Just as I began to resign myself to cynicism about the impossibility of a pharmaceutical/natural treatment ever being developed, I read a posting on our community forum (thanks, Elise!) about a 2007 study of the effects of selenium on HIV. It seems to indicate that when selenium levels are increased, viral loads tend to be lower and the number of CD4 cells increase. Researchers from the University of Miami conducted a double-blind, randomized, placebo-controlled trial of selenium supplements in 262 patients with HIV. Patients were randomly divided into two groups to take either a capsule containing 200 micrograms of high-selenium yeast or a sugar pill daily.

Nine months later, each patient underwent a comprehensive physical exam, and results showed that the patients taking daily selenium supplements had lower levels of the virus in their bloodstream and increased T-cell counts compared to patients who took a placebo pill.

Anecdotal evidence abounds about the benefits of selenium, starting with the simple geographical fact that the nation of Senegal, with its unusually selenium-rich soil, has only a 1.77% incidence of HIV while its neighbor, Zimbabwe, which has low levels of selenium in the soil, has a 26% incidence. There is an almost identical pattern of risky sexual behavior in both countries.

There is an ongoing five-year, double-blind study on selenium being done in Africa which will come to an end this year. Could it prove that augmentation of this mineral for HIV-positive people would make it possible to decrease dosages of the more toxic pharmaceutical drugs now being used? Could there finally be that convergence of the scientific with the natural that I used to dream about? Obviously, more studies like the African one need to be done before any such marriage of selenium and anti-retrovirals is cemented and becomes an accepted treatment option.

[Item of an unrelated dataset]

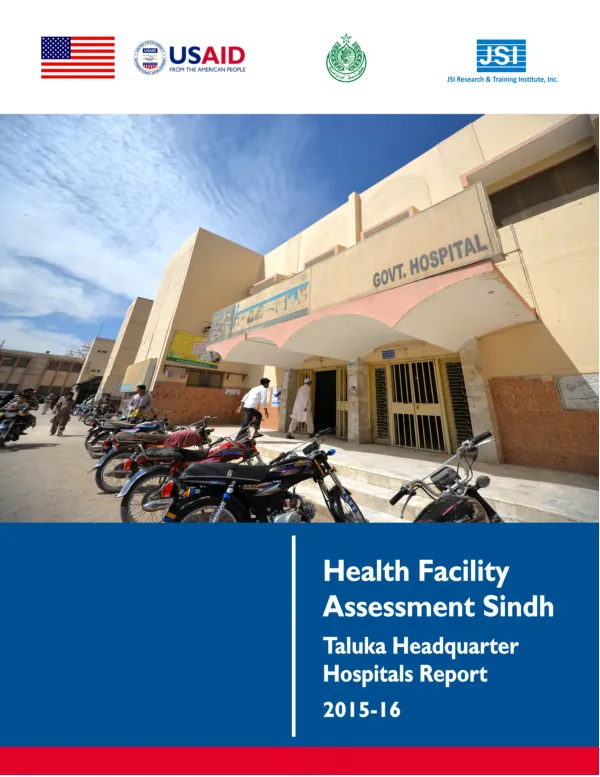 Health facility assessment : Taluka headquarter hospitals report, 2015 - 16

Little glimmers of hope appear in other areas as well. There is currently an ongoing study of a Chinese herbal blend, ViraPhyte, which could serve to delay the need for drug treatment, as well as to provide a “bridge” therapy for those experiencing treatment interruptions. In 2006, FIAR (the Foundation for Integrative AIDS Research) helped investigators Fred Blair and Mark Kuebel to benefit from a grant from NCCAM (the National Center for Complementary and Alternative Medicine), a division of the National Institutes of Health, to enable clinicians in a non-pharmaceutical system of medicine to research their methods of treating HIV. George Carter, of FIAR and the New York Buyer’s Club, confirms my belief that research on alternative/complementary therapies in the U.S. must find a way to conform or compare to the scientific model of double-blind, placebo-controlled, randomized studies before they will be considered seriously by the scientific and medical communities. Though the study is progressing slowly due to several challenges (New York readers, consider participating!), perhaps the work that these men do will blaze the trail for a future melding of allopathic and alternative methods. I remain ever hopeful.